Pour Corinne Accary, Beau Gosse du Park était encore meilleur que l'excellent Diabolo du Parc II. © Dirk Caremans / Hippo Foto
Ce nouveau coup du sort perturbe l’équilibre émotionnel du sensible Selle Français, qui peine à retrouver son brillant d'antan en 2023 et connaît une saison compliquée. D’un commun accord, Corinne Accary et Grégory Wathelet décident de le laisser souffler à partir de juillet, afin de lui permettre de retrouver ses repères. Début 2024, l’aventure se poursuit outre-Atlantique, à Thermal, où la paire se classe sixième d’un Grand Prix 2*. Petit à petit, l’attachant Beau Gosse retrouve ses moyens. Il saute au CSI 5* de Windsor puis à l’Officiel d’Italie, dont il repart à chaque fois avec au moins un classement à 1,55m. S’ensuit le Longines Global Champions Tour de Paris, où le bai brun dispute enfin le deuxième Grand Prix 5* de sa carrière. Une faute le relègue aux portes du classement, mais il prend sa revanche à Monaco, en terminant huitième de l’épreuve qualificative pour l’épreuve reine du CSI 5*. “Beau Gosse a réalisé une saison 2024 correcte. Nous pensions que tout était reparti dans le bon sens”, souffle Corinne, qui voit son protégé enchaîner trois éliminations, dans le Grand Prix de Monaco puis au CSI 3* de Dinard, où il obtient malgré tout une huitième place dans une Vitesse à 1,50m. “Beau Gosse a à nouveau cessé de coopérer… Compte tenu de son passé, je pense qu’il a vraiment peur d’avoir mal quelque part”, regrette sa naisseuse et propriétaire.

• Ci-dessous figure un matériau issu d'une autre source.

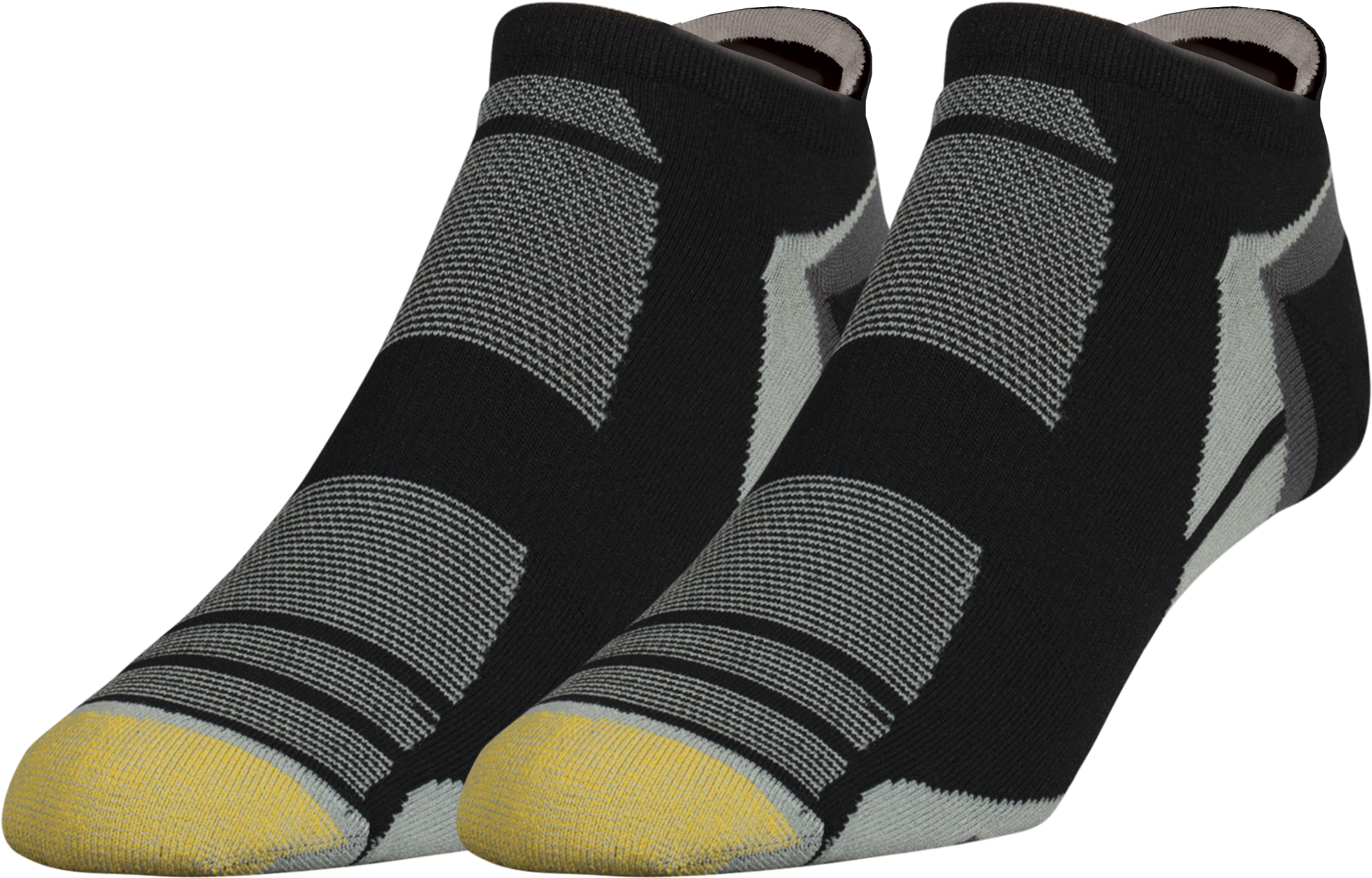 Golf Socks Shoes - Sock (3000x3000), Png Download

Avec Grégory Wathelet, Beau Gosse du Park a foulé plusieurs pistes 5* et décroché de bons classements. © Sportfot
Après ce revers, elle se tourne à nouveau vers Bruno Rocuet et Beau Gosse passe sous la selle de Nicolas Layec, avec qui il achève l’année 2024 sans coup d’éclat. En 2025, la paire reprend la compétition sur le tard, glane quelques flots, avant que le sort ne s’acharne une énième fois. “Beau Gosse et Nicolas s’accordaient plutôt bien, mais, début juillet, à Chantilly, j’ai senti que mon cheval ne sautait pas comme à son habitude. Il a concédé quatre fautes, ce qui ne lui ressemble pas du tout, mais il faisait très chaud ce jour-là, ce qui a pu jouer aussi. Il n’est pas ressorti de l’été car le programme des concours ne lui convenait pas. À Saint-Tropez, fin septembre, il n’était à nouveau pas au meilleur de sa forme et le verdict est tombé… Une atteinte tendineuse. Pourtant, il ne boitait pas et ne montrait pas de signes flagrants. Mais il y avait bien quelque chose qui le gênait. C’est tout bête, mais cela le contraint à rester au repos longtemps. Il est rentré à la maison et je vais tout faire pour qu’il puisse retravailler confortablement un jour ou bien vivre une belle retraite”, encaisse Corinne.
Depuis l'été 2024, Beau Gosse du Park était associé à Nicolas Layec. © Sportfot
Un cruel manque de chance
Même le scénariste le plus inventif d’Hollywood n’aurait pas songé à infliger autant d’épreuves à son héros. D’une faute professionnelle, à une récidive de hernie inguinale aux chances infimes, qui plus est après une opération pour l’éviter, la chance n’a jamais été du côté du charismatique fils de Quincy. “La technique utilisée pour les hernioplasties a été améliorée en 2020… quelque mois après celle effectuée sur Beau Gosse ! Il a été tellement malchanceux ! Rien n’a joué en sa faveur. Finalement, il a plutôt un bon mental, car il est retourné au feu à chaque fois. C’est tellement dommage que sa carrière ait été gâchée de la sorte, par l’incompétence d’un professionnel ! Il y a des gens plus ou moins consciencieux et il est tombé sur la mauvaise personne. Je ne sais pas si beaucoup de chevaux ont un aussi mauvais karma que lui…”, complète Corinne, qui souligne quand même un brin de positif dans cette série noire. “Dans toutes les écuries par lesquelles Beau Gosse est passé, tout le monde s’est toujours très bien occupé de lui. S’il est plutôt dominant avec les autres chevaux, il est adorable et l’a toujours été avec les gens. Pauline Paris, la compagne de Valentin Besnard, était amoureuse de Beau Gosse. Elle s’en est, elle aussi, merveilleusement bien occupé, tout comme la groom de Nicolas Layec. Lorsqu’il était entier, on pouvait déjà faire tout ce qu’on voulait avec lui ; depuis qu’il est hongre, c’est un véritable agneau.”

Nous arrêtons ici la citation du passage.